My extended nightmare - and I think this went on and off for days - was that I was in the hands of a cult. The initial plot was to be me within the power of a somewhat retarded girl whose father believed she was possessed by an ancient alien entity. Why she might want me wasn’t clear. I figured she must be badly misinformed.
The context widened and the nurses became part of the cult. All of them were aiming to become possessed by alien creatures. Some of the nurses were sadists but in a friendly wholesome fashion. Those parts of the dream I enjoyed. Though the sadistic acts were pretty mild and mostly took the form of measuring some aspect of my biochemistry.
A couple times something I’d already dreamt started to repeat. I remember feeling annoyed and offended by the repetition.
During one sequence I decided everything I was hearing was false. Indeed I discerned that I was dreaming. In a way that is the kind of moment I live for. Not that I can really live up to be such a pure-at-heart focused on the truth kind of guy I do like to think of myself that way in my less shameless moments.
Other people were out to get me as well. None planned to do me ill. They each thought I’d be valuable to them. To be mundane about it for a moment I suspect this was a reflection of my being - in fleshly life - overestimated in various ways.

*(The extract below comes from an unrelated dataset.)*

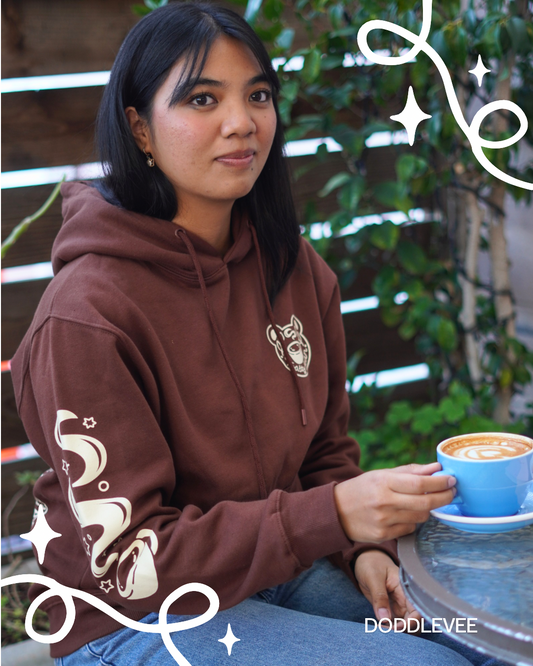 Person wearing a brown hoodie with a logo, holding a blue cup outdoors.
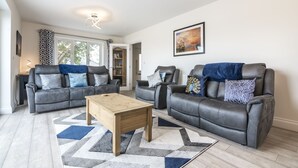 A modern living room with two leather sofas, a wooden coffee table, and a patterned rug. - Martello View - 3 Bedroom - Llanreath (Pembroke Dock)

There were various odd side elements involving the moon, atomic weapons, interstellar pirates and the imaginary cast that often peopled the dreams.
In my dreams I still lived in San Francisco and became very confused about where I lived when awake. So confused that I was out of the hospital for over a week before my house felt like it was in the proper location.
They had me tied down at times. While I was asleep this must have been why my shirts sometimes became too tight and I could manage to take them off. I hope yanking off the foley catheter several times has no long term affect effects.
After a few weeks the nuttiness faded and I was able to convince them to let me out. They would’ve like to have kept me longer. Maybe I should have let them. But I wanted to be out of that room. And I had some practical monetary concerns that simply had to be dealt with since nobody’s going to give me a bunch of money.
My hospitalization sparks an array of complicated emotions. But the realism of the fantastic dreams was mostly fun even if I was upset while I was having them.